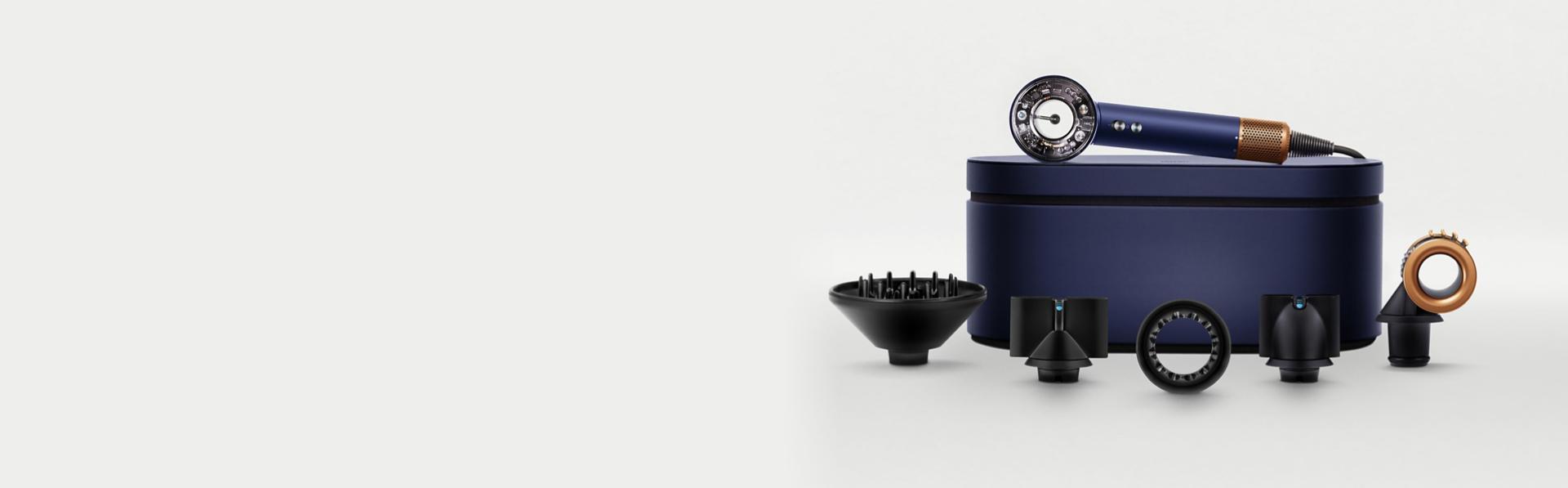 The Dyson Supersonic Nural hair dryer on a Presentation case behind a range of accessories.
+++++
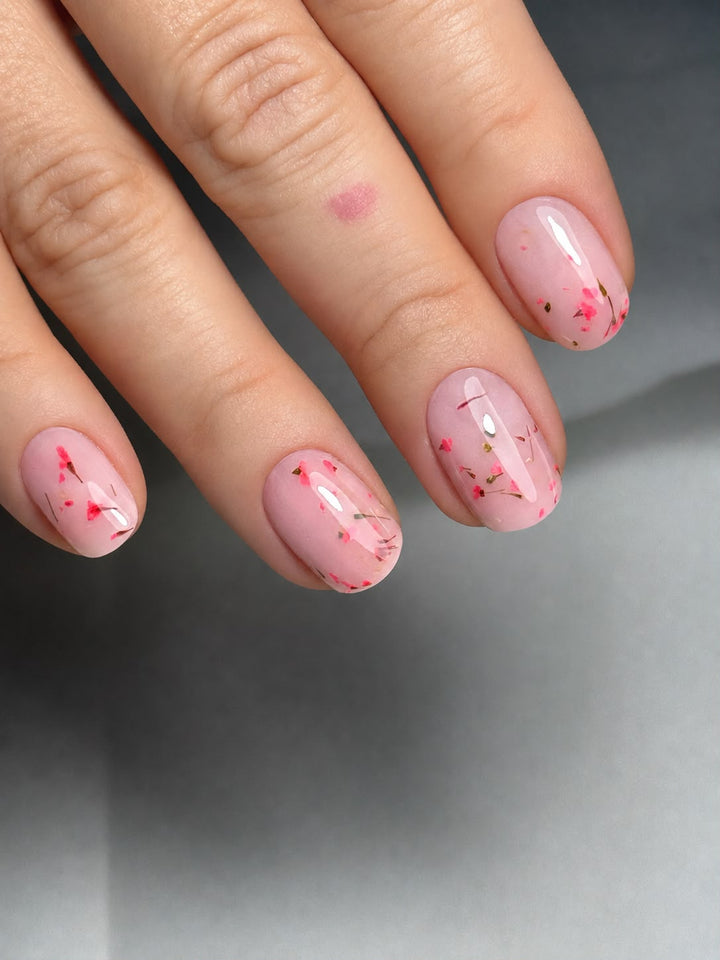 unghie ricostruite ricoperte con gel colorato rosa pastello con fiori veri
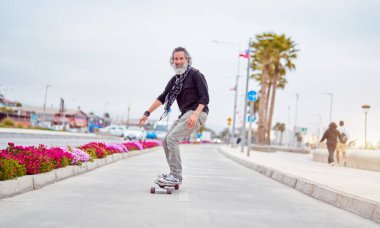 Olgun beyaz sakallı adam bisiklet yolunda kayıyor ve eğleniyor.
+++++
*Your task:* In the listing above, find the line with "unghie ricostruite ricoperte" and the line with "Olgun beyaz sakallı". Set down exactly those lines and everything between them, skipping pictures.

*Result of the exercise:*
 unghie ricostruite ricoperte con gel colorato rosa pastello con fiori veri
 Olgun beyaz sakallı adam bisiklet yolunda kayıyor ve eğleniyor.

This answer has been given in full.